Saúde, riscos e hiperprevenção

Prof. Dr. Luis David Castiel

Pesquisador em Saúde Pública da Escola Nacional de Saúde Pública - Fundação Oswaldo Cruz - FIOCRZ, Rio de Janeiro (RJ), Brasil

Há uma ênfase moralista e normativa nas complexas sociedades modernas e sua correspondente preocupação com responsabilidade e culpabilização(1). Esta atual visão moralista se apresenta especialmente no campo da promoção da saúde. Baseia-se em raciocínios que visam a estabelecer riscos de agravos preferencialmente sustentados pela busca de provas oriundas de pesquisas médico-epidemiológicas. Desta forma, procura-se definir, localizar e intervir naqueles indivíduos considerados responsáveis por falhas em termos de prevenção de riscos à saúde.

A prevenção – baseada no princípio de que algo é seguro enquanto não se demonstre perigoso, havendo evidências estatísticas que sustentam a noção de risco – se soma à precaução, com base no princípio de que nada é seguro enquanto não se demonstre ser inofensivo, quando não há tais evidências de falta de risco. Juntemos a proteção a essa díade – as medidas de controle da qualidade e segurança para a saúde em relação ao consumo de água e alimentos, condições de moradia, saneamento.

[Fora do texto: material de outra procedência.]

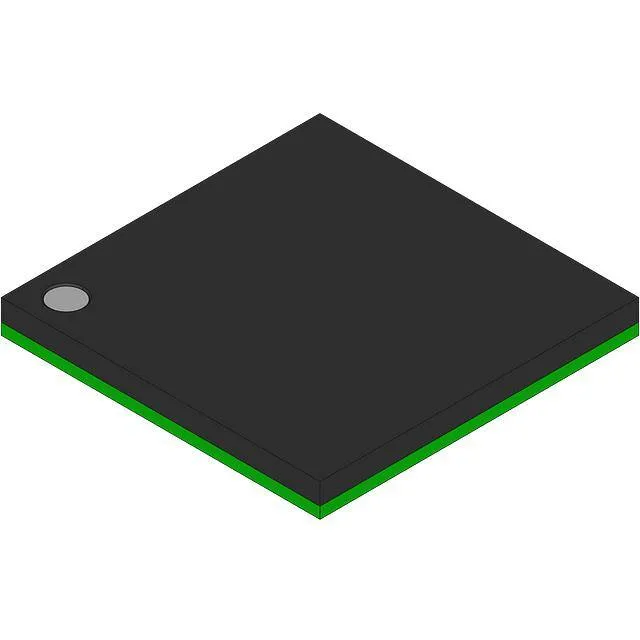 MC13783JVK5 (IC PWR MGT AUD CIRCUIT 247MAPBGA)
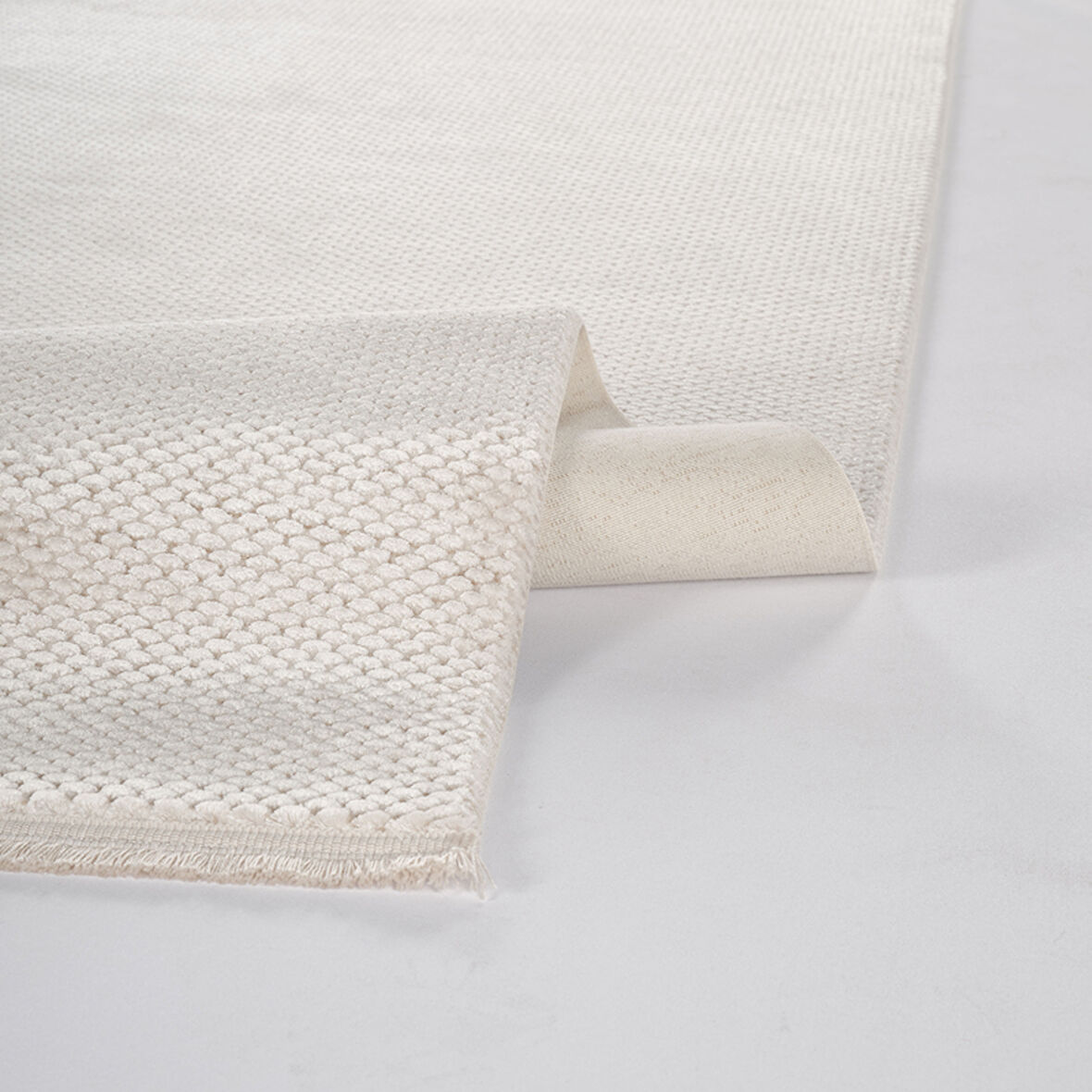 Apex Halı Truva Akrilik Halı Koleksiyonu 6662TR Bej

Esse conjunto é capaz de ocasionar o que poderia ser chamado de hiperprevenção. Aqui, estamos nos referindo, sob o ponto de vista de uma teoria crítica, à instituição de uma normatividade prevencionista excessiva no campo da saúde pública, em geral, e da promoção da saúde, em particular. Atualmente isso pode suceder diante das ameaças catastrofistas tanto no âmbito coletivo como individual. Veja-se, por exemplo, o ambiente de pânico inicial em relação à gripe suína.

No caso da prevenção dos riscos sanitários, diante de tantas imponderabilidades que abrangem a determinação e a presentificação de agravos à saúde, mesmo tomando-se as medidas preventivas, não temos certeza de que os resultados de proteção estejam garantidos com as medidas tomadas. Convivemos, de modo geral, com um estado de riscofobia – o medo por ficarmos à mercê de riscos que estariam em ação em um momento de descuido nosso para nos ameaçar.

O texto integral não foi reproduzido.